Subtitled ‘Exploits of a Hollywood Rebel’, this lively documentary portrait of legendary B-movie writer-director-producer-guru Roger Corman is hobbled by the fact that his remarkable life and work are simply too incident-packed to squeeze into 95 short minutes. From his early days as a reader for 20th Century Fox, through his years as a producer and director of beach party flicks and cheapo horror, all the way up to his foundation of exploitation-meets-arthouse distribution outfit New World Pictures, Corman was at the forefront of every major trend in American independent cinema.
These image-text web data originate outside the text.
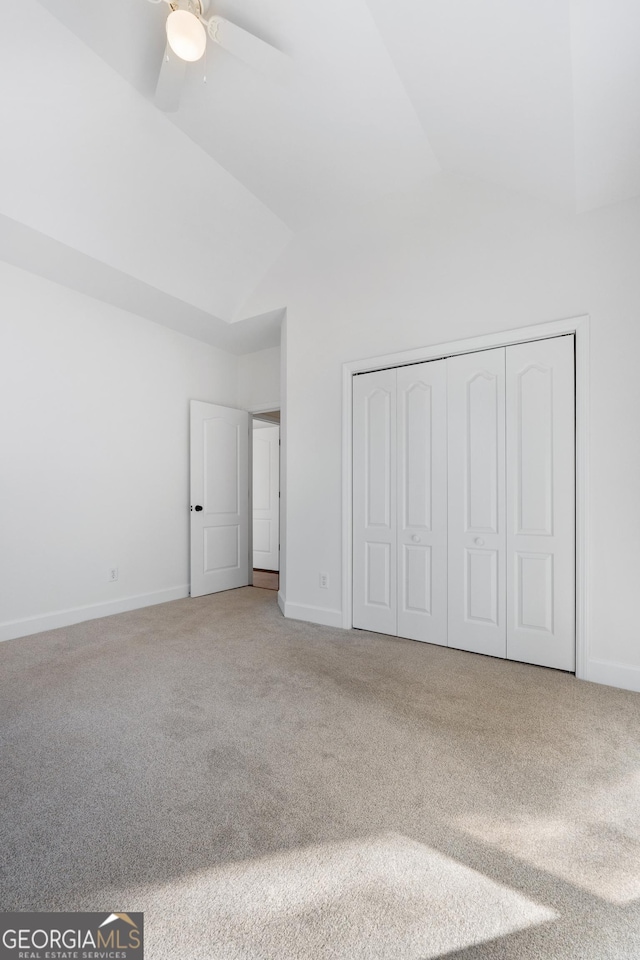 unfurnished bedroom featuring carpet flooring, ceiling fan, lofted ceiling, and a closet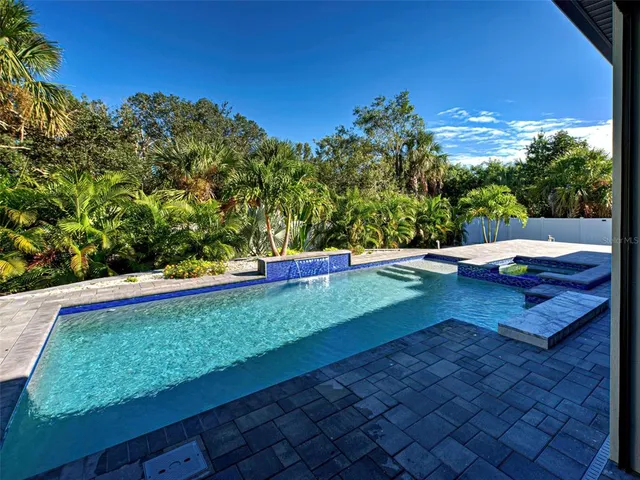 a view of a backyard with sitting area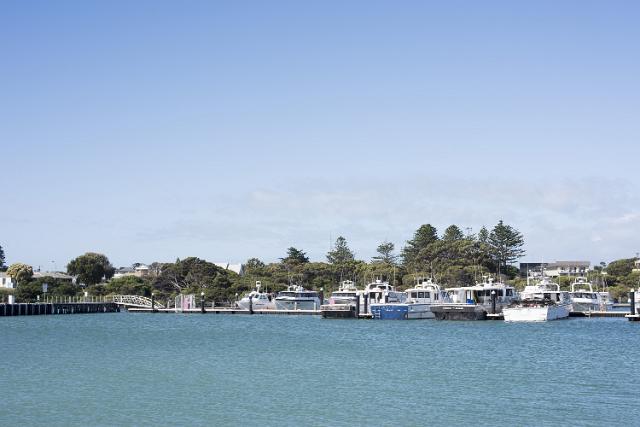 Motorboats and fishing boats moored in the sheltered harbour at Robe, South Australia looking across the water towards the town and leafy green trees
But though his work as a director was often remarkable – his Poe adaptations are unique, while race-hate drama ‘The Intruder’ is nothing short of a masterpiece – it’s for his work as a talent scout that Corman is most famous. And that’s how this film views him, lining up icons from Martin Scorsese to Ron Howard to pay their respects. Sometimes it pays off: a shot of Jack Nicholson bursting into tears while describing their years together is moving. But too often, it feels as though director Alex Stapleton is trying to justify his interest in this lowbrow legend by showing off Corman’s famous pals.
The results are solid and educative. But it’s hard to shake the feeling that Corman deserves recognition as an artist in his own right, rather than just as a money man and mentor.